Two opening scenes, one an on-the-nose depiction of a suicide bombing of a Kansas supermarket where a shell-shocked mother pleads for her daughter’s life (nope – kaboom!) set up that terrifying scenario – the very same one peddled locally our own feeble-minded mini-Trumps. Surely the film’s writer Taylor Sheridan, whose previous smart and subversive thrillers include the thoughtful and nuanced Hell or High Water, isn’t peddling xenophobic Trumpian bullshit? Well no, of course not, quickly he and director Stefano Sollima (from the Gomorrah TV series) reveals the terrorism threat as just a ploy being used by self-serving US agencies.

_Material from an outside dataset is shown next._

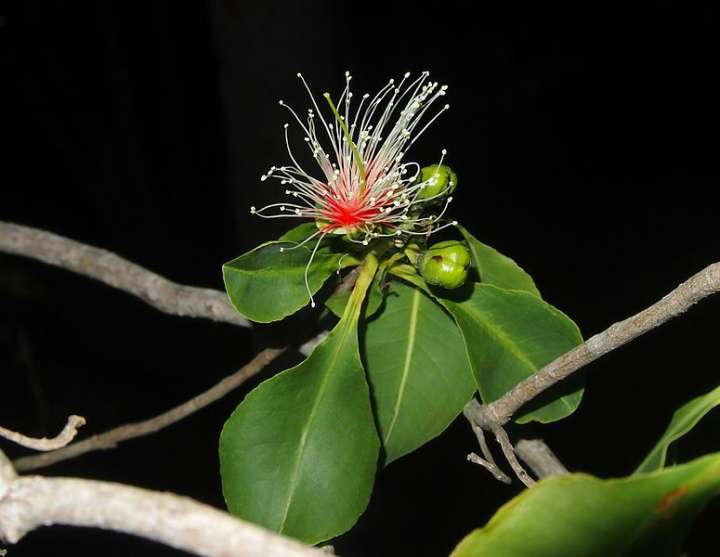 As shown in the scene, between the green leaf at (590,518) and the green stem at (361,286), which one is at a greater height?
the green stem at (361,286)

Meanwhile down on that godforsaken dusty border the nation’s not-afraid-to-get-dirty protector is once again special agent Matt Gravin (Josh Brolin) – now under the guise of that “threat” given an unlimited under-the-radar remit to defeat the cartels. “No rules this time” he growls in a low manly voice (er, were there any last time?) to his soulful Sicario assassin sidekick Alejandro (Benico del Toro).
And though we’re well used to the murderous cynicism that (apparently, at least according to Hollywood) is the only way the US government does business anywhere in the world, a lot of what happens down on these lawless badlands is a bit of a stretch. That’s not to say this sequel isn’t as tightly scripted, impressively crafted and as well acted as the first – it is an exceptionally tough and very exciting movie indeed, with fantastic sound-design to boot. But it has no heroes we can root for, no moral centre like the one the Emily Blunt character provided last time. Matt is the type of guy who’d kill his own mother if his CIA boss told him too and only look a bit “torn” afterwards. And Alejandro, a former cartel soldier himself, despite showing an unexpected concern for the teenage daughter (Isabela Moner, excellent) of the drug kingpin he kidnaps, is just unreadable. Frankly, we some respite from the amoral murk and all their hard-boiled macho posturing. Instead, their “rules of engagement” (none, remember) are trashed, replaced by a new set of principles. They’re what Matt instructs under his breath, “Fuck it all.” Right then… And this is a war the US expects to win? MA15+ from June 28. Local cinemas include Palace Norton St, Palace Central, Rhodes, Broadway, Burwood and Dendy Newtown. ★★★★ View the trailer
Also opening this week
Shailene Woodley and Sam Claflin star in a lost-at-sea survival adventure, Adrift, and in Edie an elderly lady climbs a mountain in Scotland. Because its school hols, a very good-looking dog saves the day for the third time in Belle and Sebastian 3: Friends for Life, while in another sequel of a sequel, everyone’s favourite monster family go on cruise in Hotel Transylvania 3: A Monster Vacation. (All unpreviewed).